### Imports

In [None]:
# Datamanipulation 
import pandas as pd
import numpy as np
import unicodedata
# Working with images
import cv2
# Path tools
import glob
import os
# Stringmatching
from fuzzywuzzy import fuzz
# Vizualization
from matplotlib import pyplot as plt
import json



### Functions

In [None]:
def compare_frames_screenshot_with_matchTemplate(video_path, screenshot_path):
    """ For a given video and screenshot this function returns the frame of the video 
    with the highest simmilarity to the screenshot using openCV matchTemplate"""

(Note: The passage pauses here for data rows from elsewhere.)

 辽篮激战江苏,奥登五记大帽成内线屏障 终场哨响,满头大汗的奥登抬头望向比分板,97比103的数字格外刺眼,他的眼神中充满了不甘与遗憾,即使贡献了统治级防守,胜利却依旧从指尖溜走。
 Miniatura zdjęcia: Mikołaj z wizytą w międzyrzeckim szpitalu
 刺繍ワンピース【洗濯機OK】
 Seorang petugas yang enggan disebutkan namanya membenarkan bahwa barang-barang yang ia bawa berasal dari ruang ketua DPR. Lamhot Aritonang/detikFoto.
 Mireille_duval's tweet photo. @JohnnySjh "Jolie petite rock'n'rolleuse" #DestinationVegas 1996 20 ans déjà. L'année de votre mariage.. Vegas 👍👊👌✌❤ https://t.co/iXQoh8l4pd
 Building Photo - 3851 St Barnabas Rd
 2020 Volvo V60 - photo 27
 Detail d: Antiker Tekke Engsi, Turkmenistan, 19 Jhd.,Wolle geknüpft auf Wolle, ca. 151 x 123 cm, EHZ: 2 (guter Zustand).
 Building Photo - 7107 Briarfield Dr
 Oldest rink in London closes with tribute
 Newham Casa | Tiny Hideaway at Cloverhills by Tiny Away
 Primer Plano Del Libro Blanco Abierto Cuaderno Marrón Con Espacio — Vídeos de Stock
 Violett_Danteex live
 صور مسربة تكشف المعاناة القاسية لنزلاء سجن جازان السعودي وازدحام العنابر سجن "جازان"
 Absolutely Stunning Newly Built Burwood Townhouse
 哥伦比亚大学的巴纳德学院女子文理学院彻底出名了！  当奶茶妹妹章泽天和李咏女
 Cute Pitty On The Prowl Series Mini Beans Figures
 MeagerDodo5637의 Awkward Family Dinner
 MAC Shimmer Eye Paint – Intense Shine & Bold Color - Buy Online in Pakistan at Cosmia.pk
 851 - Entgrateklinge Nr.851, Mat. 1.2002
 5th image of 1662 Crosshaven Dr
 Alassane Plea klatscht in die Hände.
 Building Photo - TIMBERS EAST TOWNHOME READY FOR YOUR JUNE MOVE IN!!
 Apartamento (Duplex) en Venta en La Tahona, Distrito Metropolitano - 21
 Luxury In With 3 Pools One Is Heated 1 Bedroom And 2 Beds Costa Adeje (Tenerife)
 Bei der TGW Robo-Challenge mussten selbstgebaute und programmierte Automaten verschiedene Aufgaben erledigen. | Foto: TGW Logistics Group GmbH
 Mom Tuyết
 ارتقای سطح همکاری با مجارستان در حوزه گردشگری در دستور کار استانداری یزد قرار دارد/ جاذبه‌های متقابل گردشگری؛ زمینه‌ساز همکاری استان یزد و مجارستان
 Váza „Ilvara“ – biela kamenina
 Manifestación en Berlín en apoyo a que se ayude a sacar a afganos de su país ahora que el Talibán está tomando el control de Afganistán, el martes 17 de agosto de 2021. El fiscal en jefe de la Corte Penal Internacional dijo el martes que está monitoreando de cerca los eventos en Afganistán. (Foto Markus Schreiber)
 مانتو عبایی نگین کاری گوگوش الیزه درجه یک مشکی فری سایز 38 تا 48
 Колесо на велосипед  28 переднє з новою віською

    screenshot = cv2.imread(screenshot_path, cv2.IMREAD_GRAYSCALE)
    video = cv2.VideoCapture(video_path)
    highest_match_score = 0
    highscore_frame = 0

    for i in range(0,int(video.get(cv2.CAP_PROP_FRAME_COUNT))):
        video.set(cv2.CAP_PROP_POS_FRAMES, i)
        success, extracted_frame = video.read()

        if not success:
            print(f"Warning: Could not read frame {i}")
            continue
        
        extracted_frame_gray = cv2.cvtColor(extracted_frame, cv2.COLOR_BGR2GRAY)

        result = cv2.matchTemplate(extracted_frame_gray, screenshot, cv2.TM_CCOEFF_NORMED)
        min_val, max_val, min_loc, max_loc = cv2.minMaxLoc(result)

        if max_val > highest_match_score:
            highest_match_score = max_val
            highscore_frame = i

    print(f"frame number: {highscore_frame} has the highest score with:  {highest_match_score}")

    return highest_match_score, highscore_frame


def plot_frame(image):
    image_rgb = cv2.cvtColor(image, cv2.COLOR_BGR2RGB)
    # Plot the image with matplotlib
    plt.imshow(image_rgb)
    plt.axis('off')  # Turn off axis
    plt.title("Image from OpenCV")
    plt.show()

def contains_umlaut_or_sharp_s(s):
    umlauts_and_sharp_s = set("äöüÄÖÜß")
    normalized_string = unicodedata.normalize("NFC", s)
    return any(char in umlauts_and_sharp_s for char in normalized_string)

### Sort, filter and structure videos and images

In [114]:
#path_to_images = "/Volumes/ThesisUSB/AVP XC Skiing Data/Skating 2-1 armswing/pictures/lateral/"
path_to_images = "D:\\AVP XC Skiing Data\\Skating 2-1 armswing\\pictures\\lateral\\"
skier_images = glob.glob(path_to_images + "*.jpg") + glob.glob(path_to_images + "*.png")

#path_to_videos = "/Volumes/ThesisUSB/AVP XC Skiing Data/Skating 2-1 armswing/videos/lateral/"
path_to_videos = "D:\\AVP XC Skiing Data\\Skating 2-1 armswing\\videos\\lateral\\" 
skier_videos = glob.glob(path_to_videos + "*.[mM][pP]4") + glob.glob(path_to_videos + "*.[mM][oO][vV]")
skier_videos = [video for video in skier_videos if "_lq" not in video] # exclude all videos containing "_lq" to avoid double videos

image_file_names = []
video_file_names = []

for image_path in skier_images:
    file_name_with_extension = os.path.basename(image_path)
    image_file_names.append(file_name_with_extension)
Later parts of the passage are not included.